Monday, February 25, 2008

A Bowl Full of Juice

So I failed to journal for the first two days of fasting, but I will make it up to you, I promise.

The first day went fine; I started with a healthy and fiber-full breakfast and then moved onto water and a bit of juice for the rest of the day. I was hungry, but I imagine it was mainly psychological pain at the prospect of continuing to fast for six more days. Also, my roommate, who is also fasting, kept talking all day about how hungry she was.

Sunday, I woke up feeling great, sure I would be fine to continue fasting as long as need be, and it all went downhill from there. I savored my communion wafer in church; never has that crunchy bit of cardboard tasted so good. For the afternoon, I worked on papers, my brain eating away at my glucose stores until I was ready to kill someone for a tuna melt. I was feeling none of the real effects of fasting, but my body was so conditioned for food that I was just hungry. After my 4pm DOC meeting, friends and fasters came over for what is usually Sunday Night Dinner, but was instead Sunday Night No-Dinner. Then we went to see Charlie Bartlett, which was not an exceptionally good movie, but some of the acting was phenomenal, and it made me feel all warm and fuzzy inside, which I needed. No insomnia so far, but we'll see how it goes.
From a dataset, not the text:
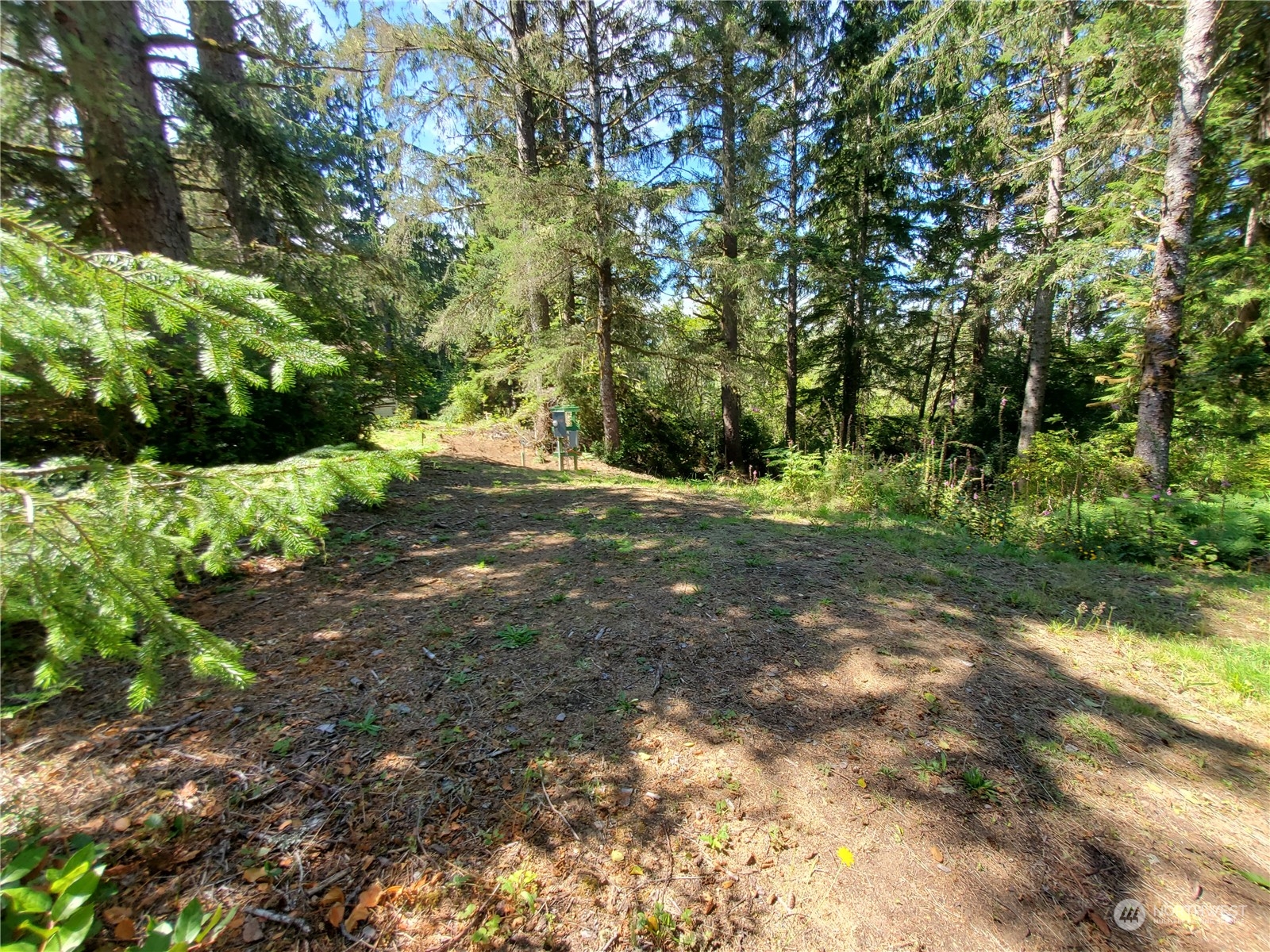 32425 Douglas Drive Property Photo 10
Today was the beginning of my body beginning to eat itself. I woke up feeling okay, not too hungry, but I began to notice the small signs of my body breaking down: my computer sitting on my thighs triggered the sensation of soreness as though I had just run upstairs, and I started feeling a little light and floaty. I wasn't feeling anything very strong, though, until I was late for class because of a longer-than-expected phone meeting. After hurrying down to my car, up the parking structure, and out to class, I realized that class was beginning in a different room today, so as I ran up those stairs, I stopped in the middle to realize that I was going to die if I kept going. So I stood, and breathed, and went a bit airily to my classroom, where I sat perched on the floor and listened to a woman sing Rumi's poetry in Farsi. My indication that I was not as starving as I could be was that the gentleman sitting across from me was eating an apple, and I realized in a moment of self-awareness that I was still hungrier for him than for the apple. So much for clarity of purpose and sense of self.
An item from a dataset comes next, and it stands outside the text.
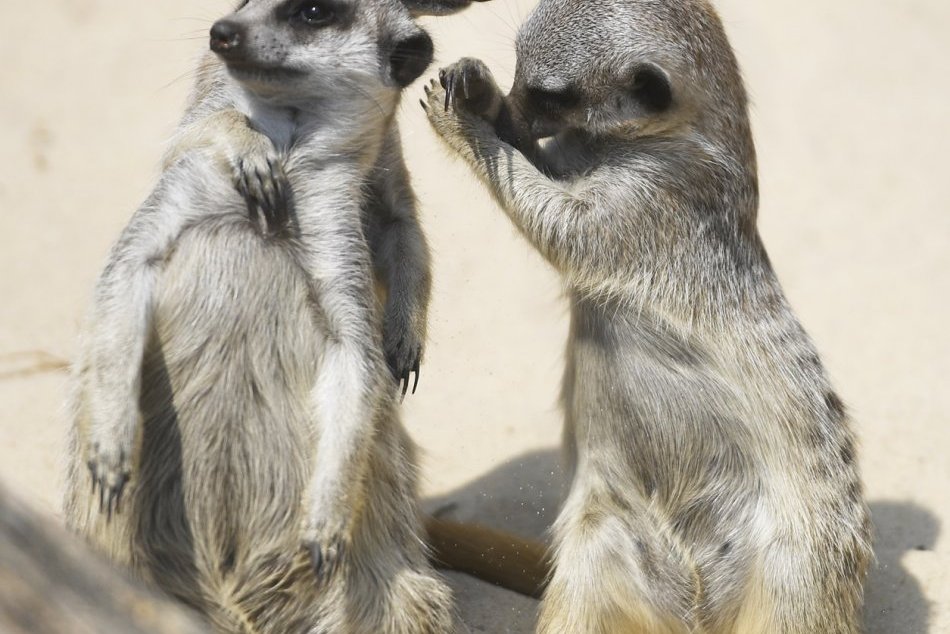 Mláďatá v košickej zoo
Now I am off to have myself an afternoon nap. I came home desperately wanting some vegetable juice, so I heated up to make it taste like tomato soup. I drank it down so fast and licked the bowl that I am now sitting here uncomfortably full with my belt loosened.

I'm full. Of soup.

Friday, February 22, 2008

Feast Today, for Tomorrow We Fast

Today is the day before I begin my fast, my day of preparation. My plan, after class, work, and a practice Truman panel interview, is to head for the grocery store to buy juice, and begin freezing perishables left in our house. I don’t know for sure if everyone in the house will be fasting yet, but since two of them are regularly not home, I feel fairly safe in freezing things that haven’t been used yet, as I feel they can probably use a microwave. Perhaps it will also cut down on the pile of mess that seems to accrete and foment in our kitchen. I may have to get creative when I get to things like spinach and peaches; perhaps some good old-fashioned canning?
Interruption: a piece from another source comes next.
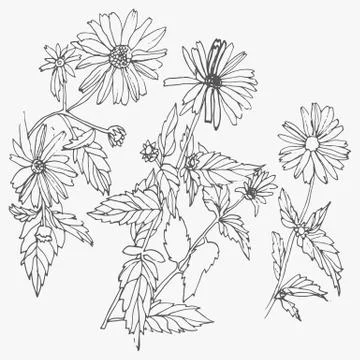 Set of hand drawn flowers isolated on white background. Stock Illustration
As a baseline today, I feel good. I had my standard breakfast of a piece of whole-grain vegan toast and an excess of delicious Skippy Superchunk peanut butter. I am hoping to find someone to steal lunch from, but failing that, today will be a preparatory low-calorie day, as all I have in my bag is a bottle of apple juice and some increasingly un-vegetable-like celery sticks. I think the only listlessness I feel is caused by a lack of sleep, which I’m hoping to remedy by sleeping tomorrow until I cannot humanly sleep anymore.

I still haven’t decided when I will actually begin to fast, because although tonight’s Shabbat dinner would make a delicious last meal, I don’t know that I’m quite ready to commit yet. And falafel would be a rather impressively smelly last thing to have in my stomach.